We’ve been living in this place that we call “Earth” since the beginning of life. When we look up, at the sky, we used to see it as blue, but we don't even question this situation most of the time. Let's think with a child's naivety and wonder why the sky looks blue.


"Why does the sky appear blue?" and "Why does it turn red-orange at sunset?" The answer to the question is the same; Sun. We look up and see the Sun in yellow-orange, the sky in blue, the clouds in white, the sea and oceans in blue, and as the Sun sets we see red-orange everywhere. Actually, none of these colors exist, there is only white.


However, the white possessed by the sunlight hides all the colors we see in the rainbow.
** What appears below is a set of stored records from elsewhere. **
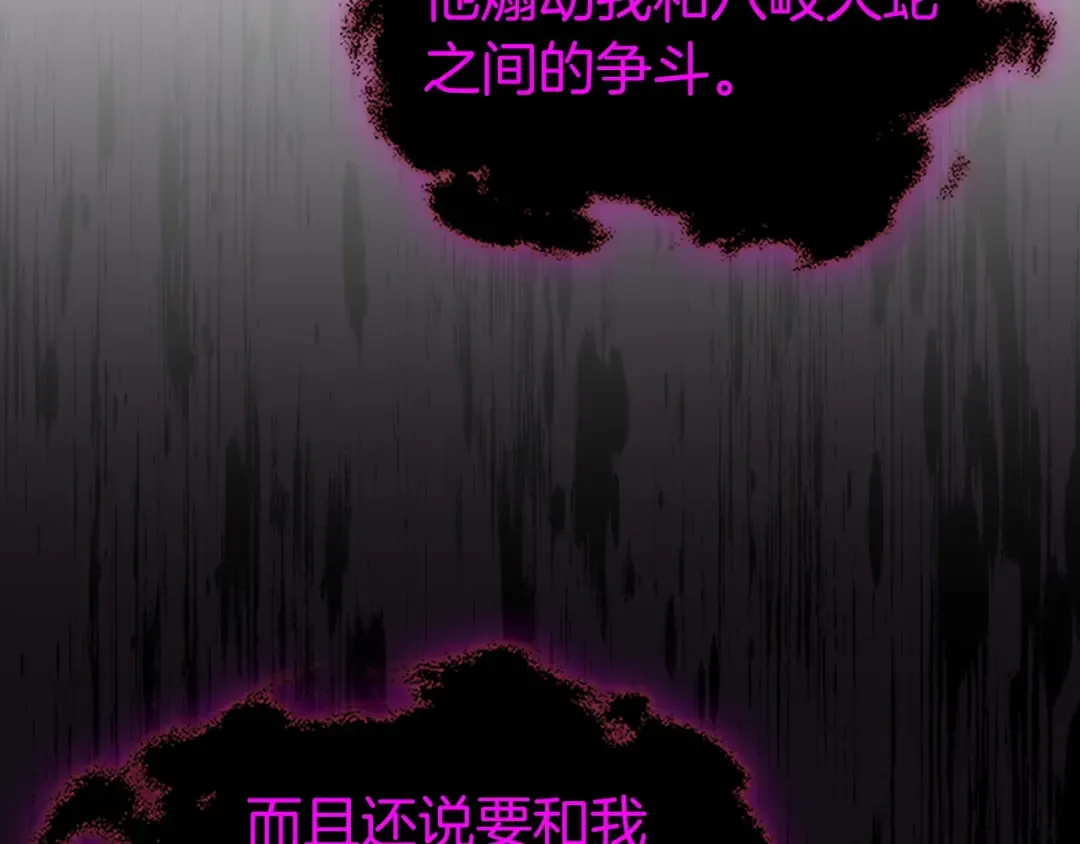 第128话 寻找八咫镜 第23页
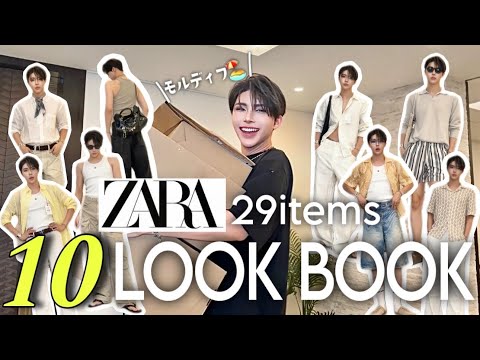 【ZARA購入品】全29着/ 10コーデ大量紹介！モルディブに浮かれまくり22万円分爆買い常夏LOOKBOOK🏖️💦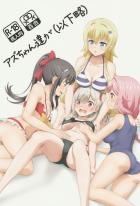 セックスしないと出られない部屋に閉じ込められてしまったクラウ・ミコ・アズ・ソノのワルキューレたちが百合エッチに初挑戦！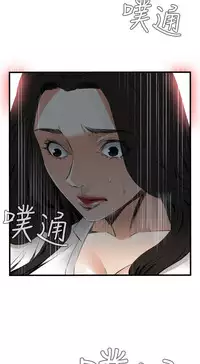 Take a Peek 偷窥 Ch.39~60 [Chinese]中文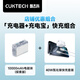 CUKTECH酷態(tài)科10000毫安時(shí)電能塊充電寶30W+CP3電能充40W蘋(píng)果17/16/15充電器氮化鎵套裝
In other words, the orange, red, yellow, green, blue, dark blue, and purple colors of the rainbow that we see in rainy weather are hidden in the white color of the Sun.


If sunlight has such a wide color palette, why don't we always see them? Because we need a reflective prism like a raindrop to see. That's why rainbows appear after rain. So, why is the sky blue but not multi-colored?


While the sunlight is coming into our world, it encounters the air molecules in the atmosphere, and the light is scattered everywhere. Colors, on the other hand, have a certain scattering rate, and the fastest of these is blue.


The blue component of the light spectrum has a shorter wavelength and higher frequency than the others. The acceleration of the charged frequency is proportional to the square of the frequency, and the intensity of the scattered light is also proportional to the square of the acceleration obtained. If you are not a physicist, it can be a bit tiring to do this operation, but as a result of the process, we can say that blue is the fastest.


Simply, this is the reason behind the blue color of our beautiful sky. Despite there is a lot to know about this topic, I might mention it in another article.